Meinung/Mein Tag

Eine Zugfahrt mit Kuscheleinheiten und einer großen Portion Nostalgie

Die Woche begann mit verspäteten Zügen. Das hatte unterschiedliche Auswirkungen auf die Fahrgäste, die am Morgen mit mir im Waggon gedrängt standen. Die einen zückten panisch ihr Handy, um ihre Termine darüber zu informieren, dass sie zu spät kämen und schimpften dabei mehr oder weniger moderat vor sich hin. Zwei Schüler waren indes sehr glücklich. Sie hatten offenbar verschlafen und freuten sich, dass sie die Verspätung nun auf die ÖBB schieben konnten.

Im Gang zwischen den Sitzplätzen begann sich ein wütender Mob zu formieren. Die Wut richtete sich auf eine Dame, die ihre Tasche auf den leeren Platz neben sich gestellt hatte – und gekonnt ignorierte, dass es mehrere Anwärter auf diesen Sitzplatz gab. (Wäre sie später auch noch links auf der Rolltreppe gestanden, sie wäre wohl mit Teer und Federn aus der Stadt gejagt worden.)

Ein Mann musste sich bei einer Station rabiat aus dem Zug kämpfen, weil niemand für ihn Platz machen wollte. Am Bahnsteig angekommen, merkte besagter Mann allerdings, dass er eine Station zu früh ausgestiegen war und musste sich wieder hineinwurschteln. Mit hochrotem Kopf und unter beschämtem Gemurmel, dass er sich „wohl verschaut“ habe.

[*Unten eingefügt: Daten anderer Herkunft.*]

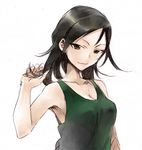  armpits bad_id bad_pixiv_id black_hair green_eyes idolmaster idolmaster_cinderella_girls ikuhana_niiro normal_trainer simple_background smile solo tank_top trainer_(idolmaster) 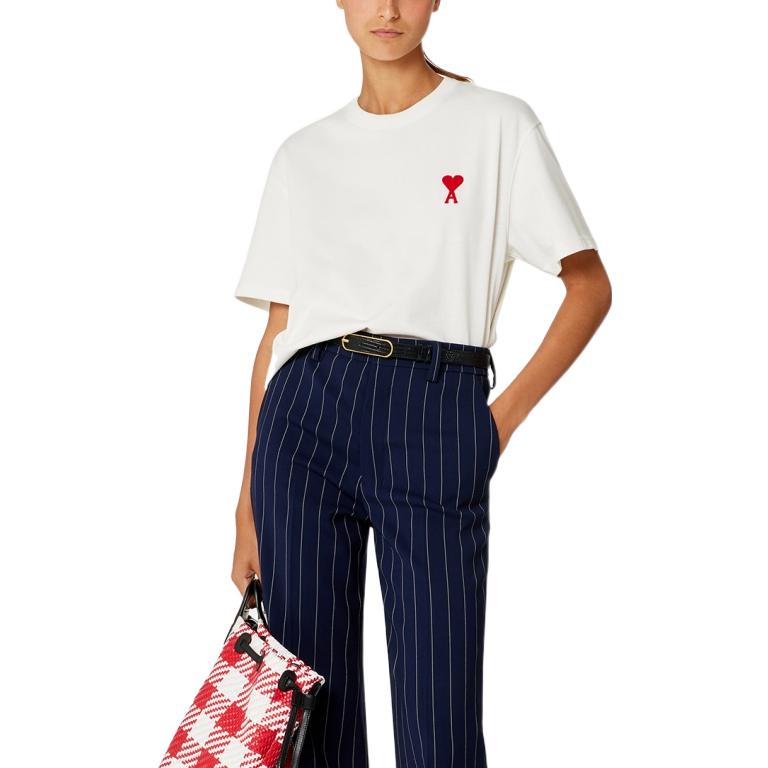 Details for 아미 파리 SS23 클래식 유니섹스 릴렉스핏 화이트 티 레드 하트 자수. UTS004726-175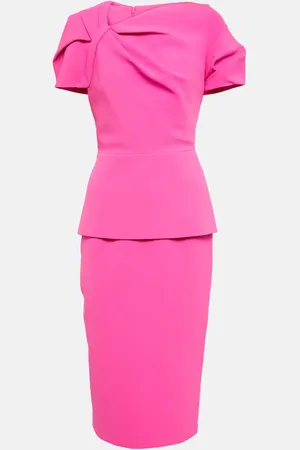 Safiyaa Peplum crÃªpe midi dress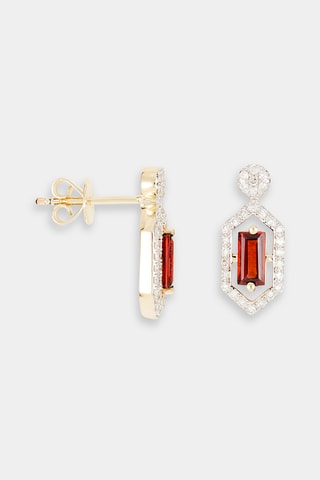 Boucles d'oreilles Irisia - Or jaune, diamants et grenats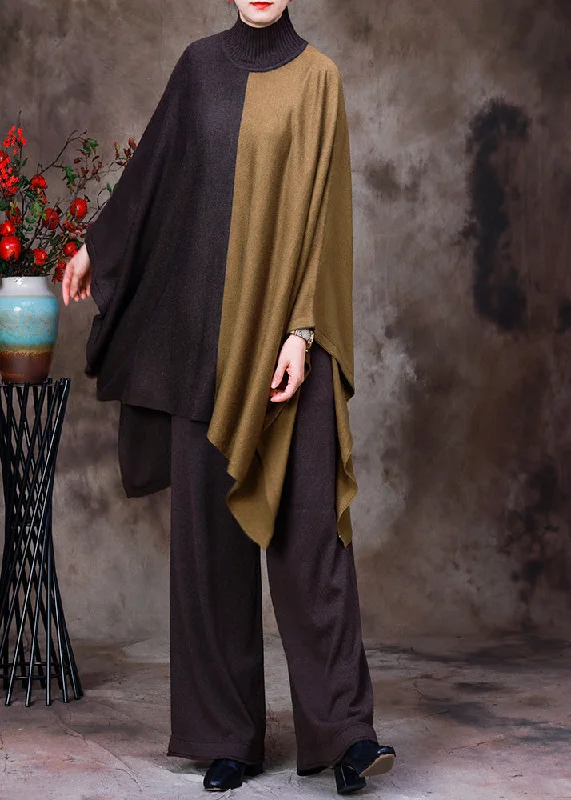 Women's Long Sleeve Turtleneck Cashmere SweatersDIY Coffee Turtleneck Asymmetrical Patchwork Knit Sweaters And Wide Leg Pants Two Pieces Set Fall Women's Long Sleeve Turtleneck Cashmere SweatersDIY Coffee Turtleneck Asymmetrical Patchwork Knit Sweaters And Wide Leg Pants Two Pieces Set Fall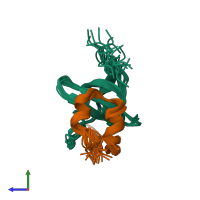 PDB entry 1k4u coloured by chain, ensemble of 22 models, side view.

Bei Station vier hatten sich alle mit der beengten Situation abgefunden. Man begann mit den Menschen zu scherzen, deren Ellenbogen und Knie mit dem eigenen Körper schmerzhaft verschmolzen. Irgendwer sagte was von Social Distancing und der Waggon brüllte vor Lachen, als ob das die unerwartetste Pointe der Welt gewesen wäre.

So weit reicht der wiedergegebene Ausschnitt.